School for disabled children uses electric shocks more powerful than stun guns to punish students
The Judge Rotenberg Center's method of disciplining students has been described as "unconscionable," with a human rights watch dog requesting the Trump administration to intervene.
A Massachusetts school for children with disabilities has come under fire from various human rights organizations after it emerged that they were still using electric shocks on their students as a form of punishment. Now, Inter-American Commission on Human Rights (IACHR), an international body set up to uphold human rights across the Americas, has called on the Trump administration to interfere and put an end to the controversial practice.
According to the Guardian, the Judge Rotenberg Center in Canton, Massachusetts, is the only school in the world that uses these shocks — described to be more powerful than the ones discharged by stun guns — as a form of "aversion therapy" on 47 of its disabled students.

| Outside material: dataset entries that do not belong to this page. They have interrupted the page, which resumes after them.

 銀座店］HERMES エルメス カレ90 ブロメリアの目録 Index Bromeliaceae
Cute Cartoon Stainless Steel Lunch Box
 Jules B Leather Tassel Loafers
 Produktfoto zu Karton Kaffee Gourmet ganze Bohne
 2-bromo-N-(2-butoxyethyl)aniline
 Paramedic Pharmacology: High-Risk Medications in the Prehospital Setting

To mete out the punishment, which has been termed as "unconscionable," the school developed its own zapping devices known as "GED" machines which students are made to carry in backpacks that they have to wear around the clock. Wires run from the boxes to electrodes attached to the skin of the student's arms, legs, or torso, and whenever a student behaves in a manner deemed to be harmful to themselves or others, they are given a shock that lasts up to two seconds.

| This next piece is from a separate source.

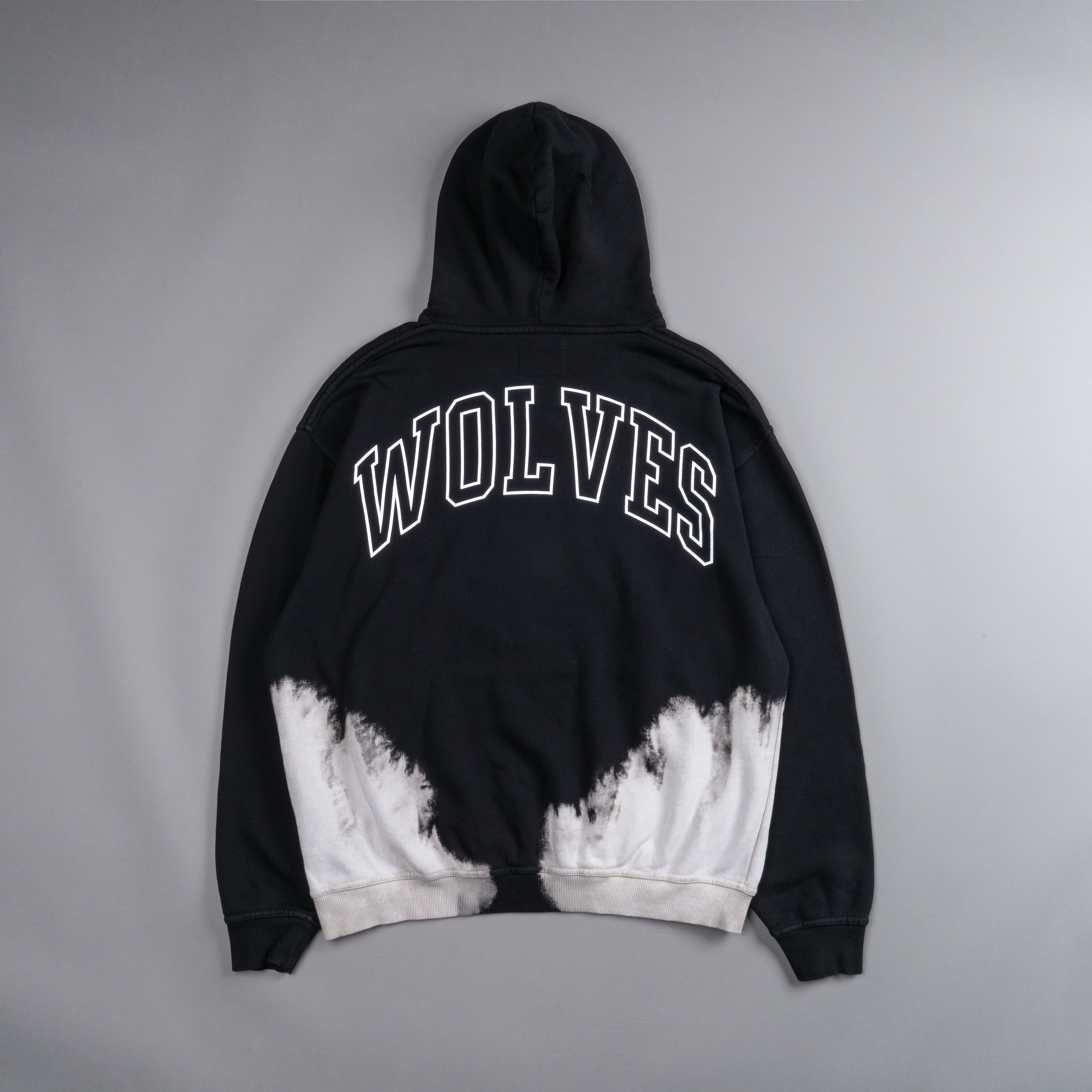 Through Our Eyes "Vintage Pierce" Hoodie in Black Beneath Us Acid Wash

Though the school insists that the devices present no risk to children, the claim has been has been contended by numerous reports over the years.
In 2007, the staff at the school reportedly shocked two students almost 100 times after a call from a manager informed them that the pair had misbehaved. That incident resulted in the school's founder resigning from his position and serving five years of probation after he was found guilty of destroying evidence.
In another such case, a video that was released to the public in 2012 showed a 18-year-old student, Andre McCollins, being shocked 31 times over the course of seven hours while he was strapped to a gurney. He can even be heard screaming, "That hurts, that hurts."
And yet, the practice is still continuing to thrive at the school. Speaking to the New York Post, Andy Imparato, executive director of Association of University Centers on Disabilities (AUCD), said, "This facility’s decades-long insistence on so-called ‘aversive therapy’ as a treatment of first resort defies logic, decency, and expert medical opinions."
"Using electric shocks to punish and ‘correct’ behavior is widely discredited throughout the medical and educational community, making the Rotenberg Center the only facility in the nation that clings to the practice," he continued.
The IACHR has now intervened, bringing up the fact that the UN's 2013 monitor on torture had found the technique a violation of UN convention against torture and other international laws, and issuing a formal notice to the school to immediately disband the practice.
It has given the Trump administration 15 days to impose the ban, which while non-binding, will see the US condemned in the international community if ignored. They have also written to US Secretary of State Mike Pompeo, and the US ambassador to the Organization of American States Carlos Trujillo and asked for their observations on the electric shock therapy, though they have not yet received a response.
In light of the recent developments, the school once again defended the practice and said the call for the ban was based on inaccurate information. "No one from the JRC or the families of clients whose lives have been saved by the treatment were interviewed and there has been no response to multiple invitations to visit the school," they said in a statement to the Guardian.
The school may even have the law on its side, with a family court judge ruling this past June that JRC's activities were legal and must be allowed to continue.